Update: Just got something in yesterday that's going to make a lot of people smile ... everyone in attendance, actually.


----------



## wshan

I'll be there...


----------



## The Professor

Splendid. :tu

*The List*
BlueHavanaII
The Professor
awsmith4
Sawyer
discdog
khubli
ir13 (maybe)
tech-ninja (if he can get "permission" )
aracos
BigDawgFan
cbsmokin
volfan (maybe)
Heliofire (maybe)
jbresler
nadav
wshan


----------



## Twill413

When's the Professor's Welcome back to the neighborhood Midwest herf?


----------



## The Professor

Twill413 said:


> When's the Professor's Welcome back to the neighborhood Midwest herf?


*Perhaps* the Brewer's Herf can serve an additional purpose....


----------



## The Professor

Come on, Atlanta-area folks ... don't make me go home with cigars.

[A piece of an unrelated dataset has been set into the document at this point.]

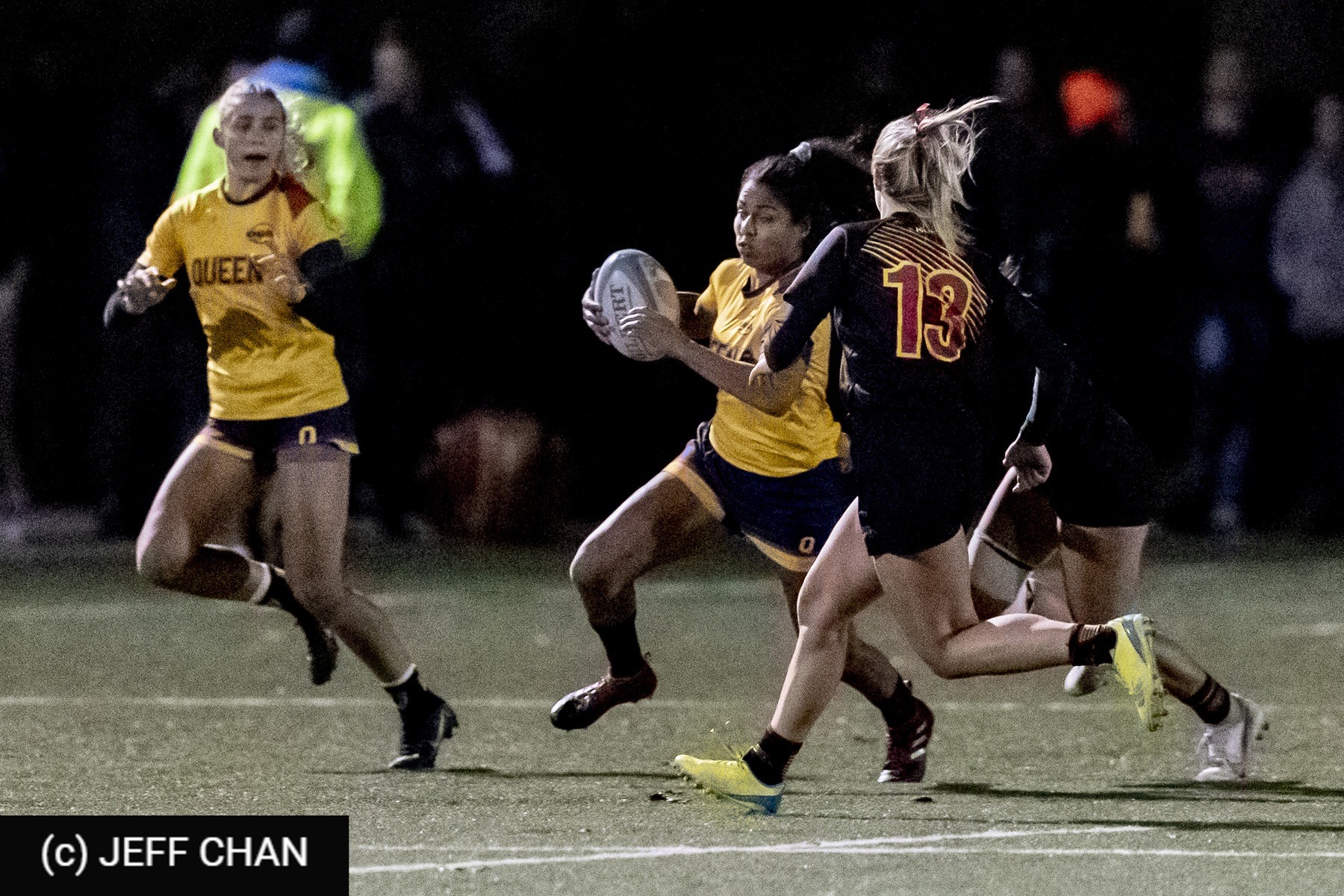  Queen's University - University of Guelph - Rugby - OUA 2022 Queen's (W) vs Guelph Champions (#OUW22QWGU10) Photo by: Jeff Chan | Siuxy Sports 2022-10-28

Can't we get 25 people to come??? I *know* there are 25 folks in the Atlanta-metro area. 

What about you Alabama people? Andy??? (Yes; I'm calling you're weak-arse out.)


----------



## krisko

I'm in. I hate to be high maintenance but perhaps someone can send me a PM reminder the day before.


----------



## The Professor

krisko said:


> I'm in. I hate to be high maintenance but perhaps someone can send me a PM reminder the day before.


Just subscribe to this thread (under "Thread Tools") and you'll get email updates.


----------



## aracos

Got it marked on the calendar and even have a BOTL or two from other boards coming down/up for it (or so they day)


----------



## The Professor

aracos said:


> Got it marked on the calendar and even have a BOTL or two from other boards coming down/up for it (or so they day)

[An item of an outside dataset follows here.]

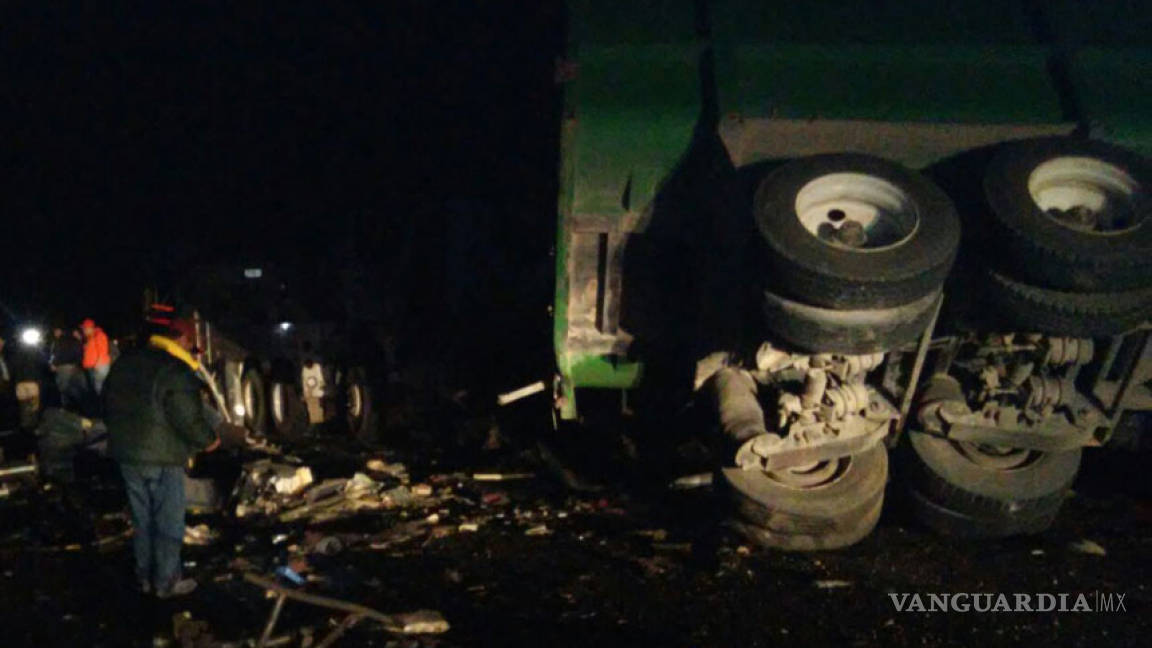 Identifican a fallecidos y heridos tras choque entre autobús de pasajeros y tráiler en la Saltillo-Torreón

Awesome. What are their screen names? Let's get them on the list! :tu


----------



## awsmith4

The Professor said:


> Awesome. What are their screen names? Let's get them on the list! :tu


Speaking of that, has anyone informed Brian Hewitt?


----------



## The Professor

awsmith4 said:


> Speaking of that, has anyone informed Brian Hewitt?


Since I don't know who/what you're talking about, I'm gonna say "no."


----------



## awsmith4

The Professor said:


> Since I don't know who/what you're talking about, I'm gonna say "no."


Ah I did say "has anyone", he was the one sitting next to you in almost all the pictures of the Atlanta Herf at Highland back in January.

http://www.clubstogie.com/vb/showthread.php?t=129058&page=9

I'll see if I can track him down and extend the invitation


----------



## aracos

I think Brian saw the note over on CI... 
I'll see if he's planning on being there...


----------



## aracos

Brian says he is in for sure...


----------



## awsmith4

aracos said:


> Brian says he is in for sure...


See Darrel, that's why I asked everyone

I also PMed a few new CS members and invited them as well.


----------



## The Professor

awsmith4 said:


> Ah I did say "has anyone", he was the one sitting next to you in almost all the pictures of the Atlanta Herf at Highland back in January.
> 
> http://www.clubstogie.com/vb/showthread.php?t=129058&page=9
> 
> I'll see if I can track him down and extend the invitation


:r:r:r

Yeah ... I remember him. Sorry. I suck with names! :chk


----------



## brianhewitt

awsmith4 said:


> Speaking of that, has anyone informed Brian Hewitt?


I've been informed! LOL I'll be there! Shoot, I only just met the Professor once (and really made an impression, obviously), and now he's running off to the midwest. Maybe if I promise to start wearing deodorant...?


----------



## The Professor

Alright ... this is really turning into a herf, now.

*The List*
BlueHavanaII
The Professor
awsmith4
Sawyer
discdog
khubli
ir13 (maybe)
tech-ninja (if he can get "permission" )
aracos + guest(s)
BigDawgFan
cbsmokin
volfan (maybe)
Heliofire (maybe)
jbresler
nadav
wshan
brianhewitt (hells yeah ... we can sit together again )


----------



## awsmith4

Don't forget to add krisko:tu

*The List*
BlueHavanaII
The Professor
awsmith4
Sawyer
discdog
khubli
ir13 (maybe)
tech-ninja (if he can get "permission" )
aracos + guest(s)
BigDawgFan
cbsmokin
volfan (maybe)
Heliofire (maybe)
jbresler
nadav
wshan
brianhewitt (hells yeah ... we can sit together again )
krisko


----------



## brianhewitt

awsmith4 said:


> Ah I did say "has anyone", he was the one sitting next to you in almost all the pictures of the Atlanta Herf at Highland back in January.
> 
> http://www.clubstogie.com/vb/showthread.php?t=129058&page=9
> 
> I'll see if I can track him down and extend the invitation


That was a lot of fun, it's great to see somebody got some pictures!


----------



## brianhewitt

The Professor said:


> brianhewitt (hells yeah ... we can sit together again )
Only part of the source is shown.